My guess about what’s really happening is that the economy is indeed slowing, but probably not into a recession, at least so far. And a moderate slowdown is actually what we want to see.

At the beginning of 2022, the U.S. economy was almost surely overheated, and this overheating was contributing to (although not the only source of) inflation. We wanted to see the economy cool down before inflation got entrenched in expectations, and that’s an area where all the available data — slowing wage growth, inflation expectations in the financial markets, surveys that ask consumers what inflation rate they expect over the next few years — are telling the same story: Inflation is not, in fact, getting entrenched.

Overall, the picture appears consistent with a “soft landing” — a slowdown that falls short of a full-on recession, or involves a mild recession at worst, together with stabilizing inflation.

But, of course, we don’t know that. In fact, given the wide discrepancies in economic data, economic pundits (including me) have unusual freedom to believe whatever they want to believe. Just pick and choose the numbers that tell you what you want to hear and glue them together.

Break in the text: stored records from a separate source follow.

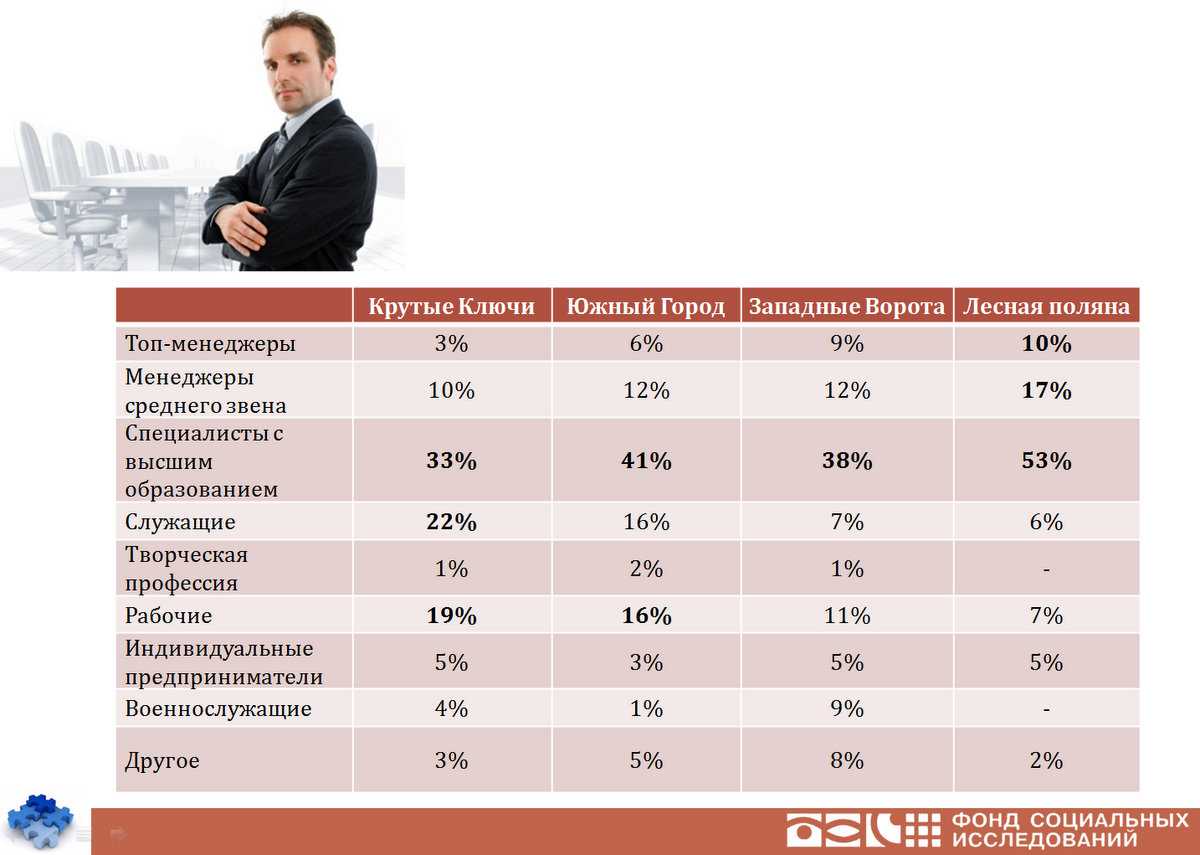 Сколько получает менеджер проекта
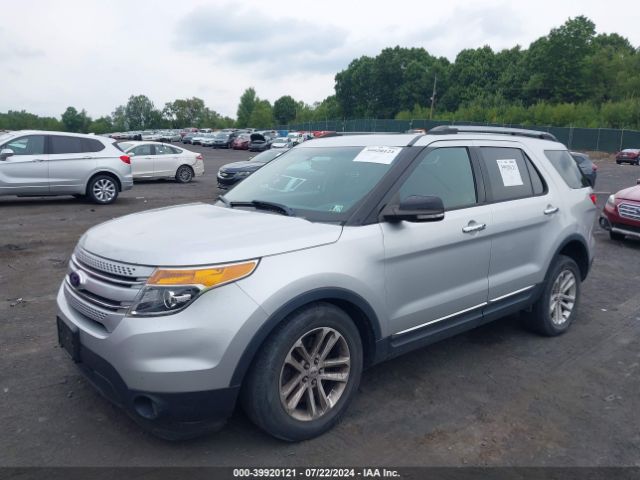 Photo 1 VIN: 1FM5K8D82FGC01585 - FORD EXPLORER 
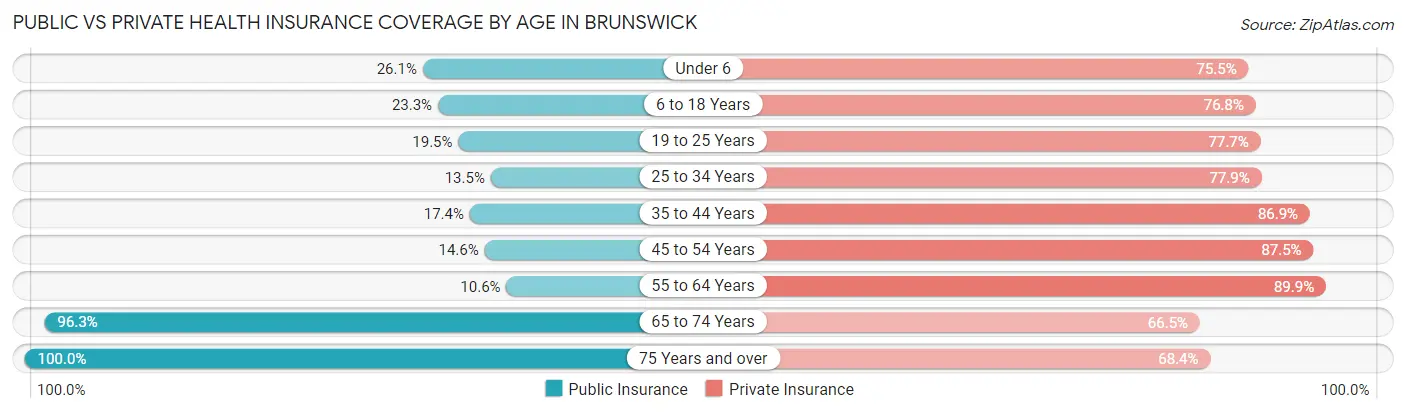 Public vs Private Health Insurance Coverage by Age in Brunswick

A few days since this column appeared, Krugman tweeted this:

"NOT saying it's all good. But a combination of statistical issues and the media's focus on year-on-year makes it look as if inflation is getting worse, when it's actually probably getting better," he tweeted.

Right now, economist Larry Summers and the usual suspects are insisting we aim for a permanent unemployment rate of 5% -- which would cause severe economic pain for many.

Remember: Krugman was the person who sounded the alarm about the impending mortgage crash. If he's telling us we probably don't have to worry, I'm going to take him at his word. One less apocalypse to obsess about!